I'd like to express big thanks to Brandon and Limbert for taking the time to chat to me and for being such nice chaps. Thanks also to Sara Hebert at Moonbot for setting the whole thing up. As well as putting out some of the best short films on the planet and being one of the best independent animation studios on the planet, the guys and gals at the Shreveport, Louisiana also happen to be incredibly nice all round.
The interview is fully transcribed here, or if you'd rather listen to Brandon, Limbert and I discuss everything for yourself, you can check out the half-hour audio of the interview in the special new episode of the A113Animation Podcast, which will be out later today (listen here now). Episodes 6 and 7 of the podcast will be a two-part Disney Renaissance special, which will be available late this month and early next month respectively; we'll be recording those later today.
A113Animation: Okay, firstly I just want to say a big congratulations on making yet another beautifully animated, great sounding, great moralled and just generally entertaining short film. But, for my money, what this one has over The Fantastic Flying Books of Mr. Morris Lessmore is this one also made me hungry. So congratulations on that.
Brandon Oldenburg and Limbert Fabian: [Both laugh]
LF: How great for actual food, versus knowledge!
A113: Exactly, who needs knowledge when you can have food?
LF: Absolutely, right.
A113: Obviously you're getting a pretty great reaction to the short all over, and I think it's well deserved. So big props to you guys!
BO and LF: Thank you!
A113: One of the first things I want to comment about is the music choice. You've got kind of a slower, more depressing version, really, of "Pure Imagination," which works fabulously. So, how did that choice of music come about?

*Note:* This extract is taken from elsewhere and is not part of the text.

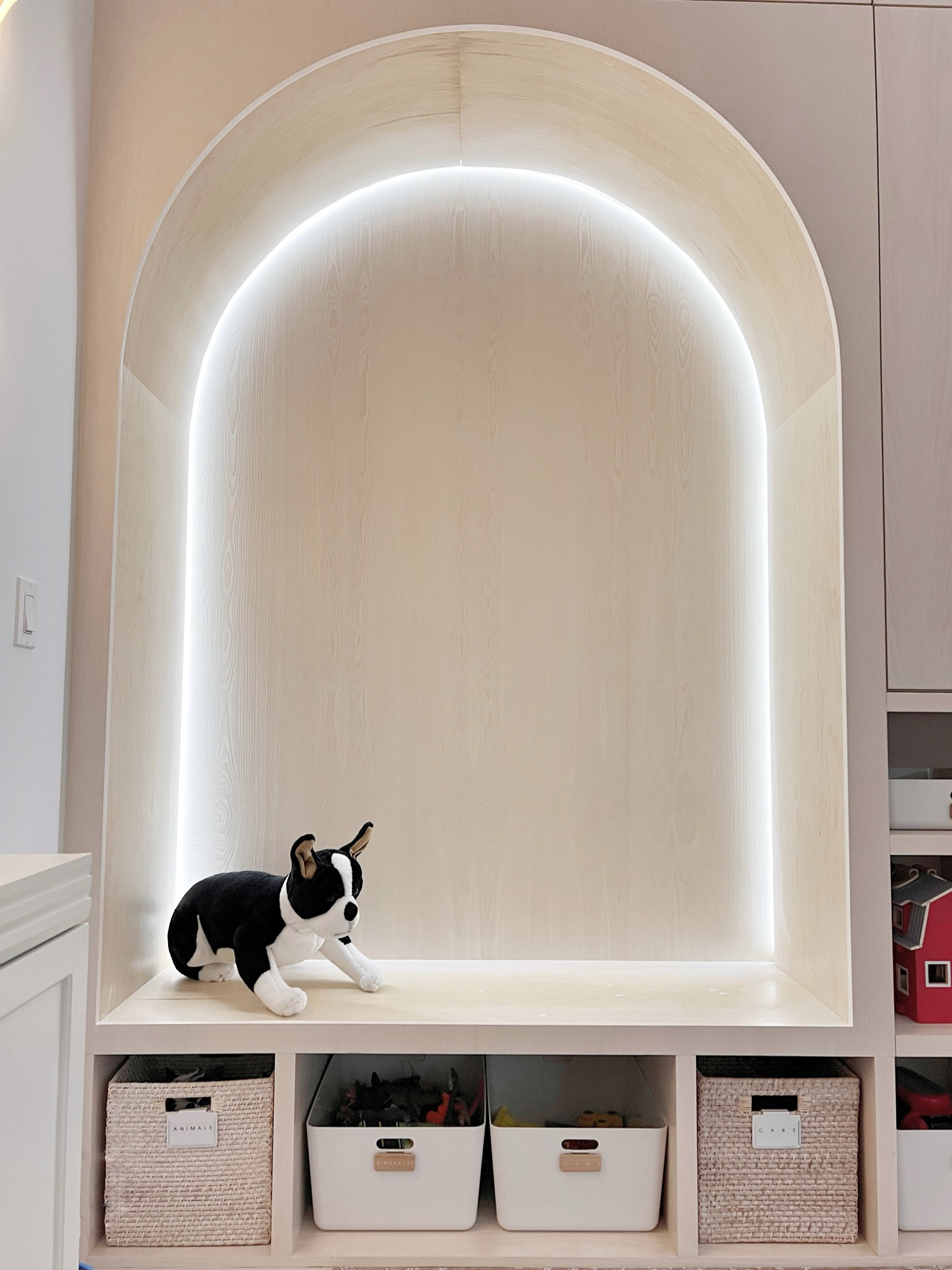 Keep toys tidy and accessible  in bins and baskets to make playtime more fun!  

#LTKFamily #LTKHome #LTKKids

LF: The choice of music, actually, was a little bit of a journey for us. At the beginning of the film, we started with a variety of different things. The creative agenda for the featured music in the film was to do a couple of things: the first thing, it needed to drive the story, almost like a soundtrack device, if you will; then we wanted lyrics that were ironic and made the picture sort of surprising to watch. So early on we were using a song called "Isn't It Romantic?," because of its irony, but it wasn't quite working as far as the orchestration was concerned. We were looking then for something a bit more popular, there was a specific track by a band called Grizzly Bear, that we really enjoyed because it had this mechanised, sort of percussive thing, that helped the story move, as if, you know, he's on a conveyor belt, and the daily doldrums of his job and the monotony of what he's doing... It felt right. And then the song opened up in a very specific way, and it felt more orchestral. But something was still missing, because the lyrics in that song were a little bit... way off base for what we were looking for. So then we discovered the Willy Wonka track. The Willy Wonka track worked - "Pure Imagination" worked - on so several levels, and it added one more layer, which was the levels of nostalgia and this idea that there was something behind the curtain, if you will. So when we drop that in, all those pieces fell into place; it had the mechanised feel, and that idea of wonder behind the curtain, it had the lyrics that spoke to the idea of the irony that we wanted from the story, and it had this great internal sort of visual that we all loved from the film [Willy Wonka and the Chocolate Factory], that there's this magical place and all you have to do is look behind and find it.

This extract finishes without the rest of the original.